When thinking about this film, it’s the energy of Smith and his campaign staffers that I’ll remember most. Riding the revitalized grassroots energy born out of the Howard Dean campaign, Jeff and his staff emphasize connecting personally with the voters of his district, going door-to-door to actually talk with the voters, and throughout the film we see Jeff with a cell phone on each ear, somehow managing to hold two conversations at once as he works to solicit campaign contributions or even a few more votes. In addition to going door-to-door, Smith’s capaign emphasized yard signs (giving his name further visibility) and informal coffees hosted by suporters to give him a chance to talk about his politics in a more conversational situation. Jeff’s strategies clearly work as polls show him going from being “an asterick,” getting around 2-3% of the vote, to being a major contender for the nomination.

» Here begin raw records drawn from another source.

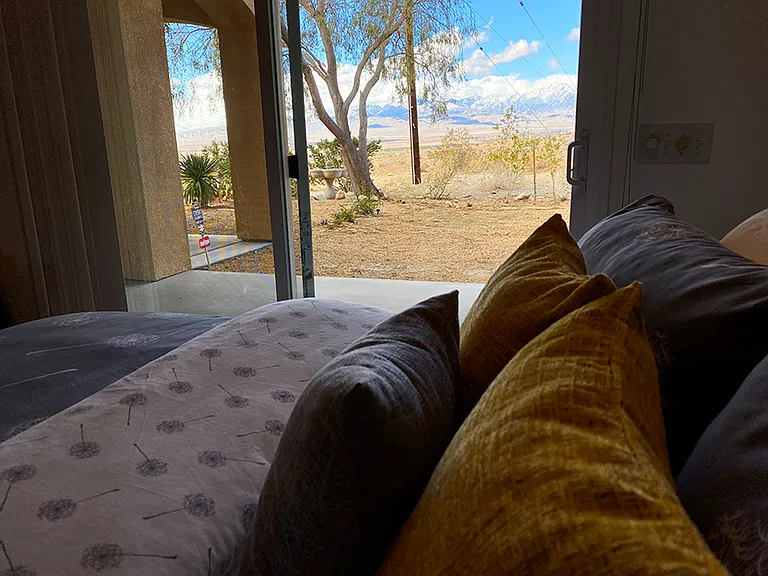 Yellow Bedroom: California King size bed, tall ceiling, walk-in closet, electric fireplace, back yard access, expansive desert and mountain views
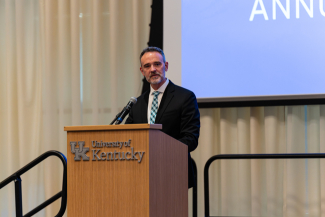 Chad Risko speaking at a podium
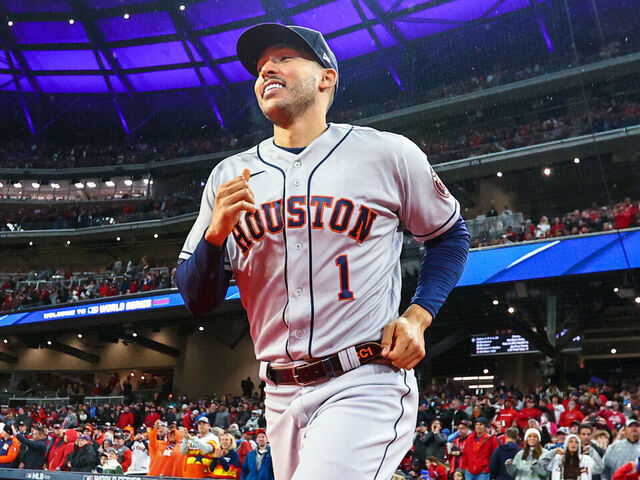 ATLANTA, GA - OCTOBER 29: Carlos Correa, #1 of the Houston Astros runs out before Game 3 of the 2021 World Series between the Houston Astros and the Atlanta Braves at Truist Park on Friday, October 29, 2021 in Atlanta, Georgia.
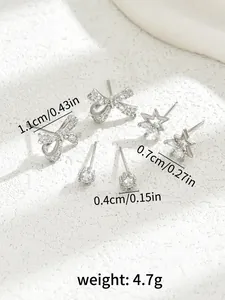 Detail shot of silver stud earrings set with zircon stars and bows on white stone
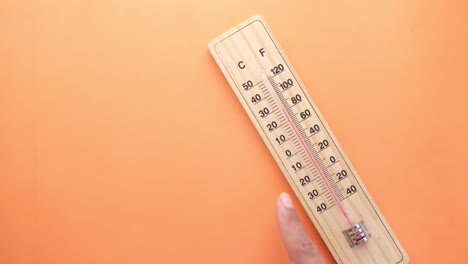 hand pointing at a wooden thermometer on an orange background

Of course, these strategies wouldn’t work if Smith didn’t have the support of a tireless campaign staff of volunteers subsisting for weeks on cold pizza and little sleep, and while Mr. Smith bears a strong resemblance to the behind-the-scenes campaign film, The War Room, it also offers a glimpse of a much more accessible campaign on a much smaller level, unlike the highly polished Clinton campaign led Carville and other Beltway professionals. These strategies also wouldn’t work if Jeff didn’t know how to connect with the voters, but Jeff proves to be an eloquent and thoughtful candidate, shining in the debates between the Democratic candidates, but also connecting on a personal level with individual voters, particularly in the African-American community which constitutes a major part of the district. And this is where Mr. Smith raises some important questions about our political process. Several voters seem to acknowledge to Jeff that they prefer his positions on the issues but worry that he won’t be able to beat the more powerful candidates. The major newspapers, including the most prominent African-American newspaper in the community, choose to line up behind Carnahan, laregly because they have an eye only on fielding what they believe will be the most likely candidate to win. As Skinner’s Democratic Underground review points out, “it was extremely frustrating to watch as almost all the jaded establishment types in our party and in the media threw their support behind the safe choice, rather than take a chance on the talented newcomer.”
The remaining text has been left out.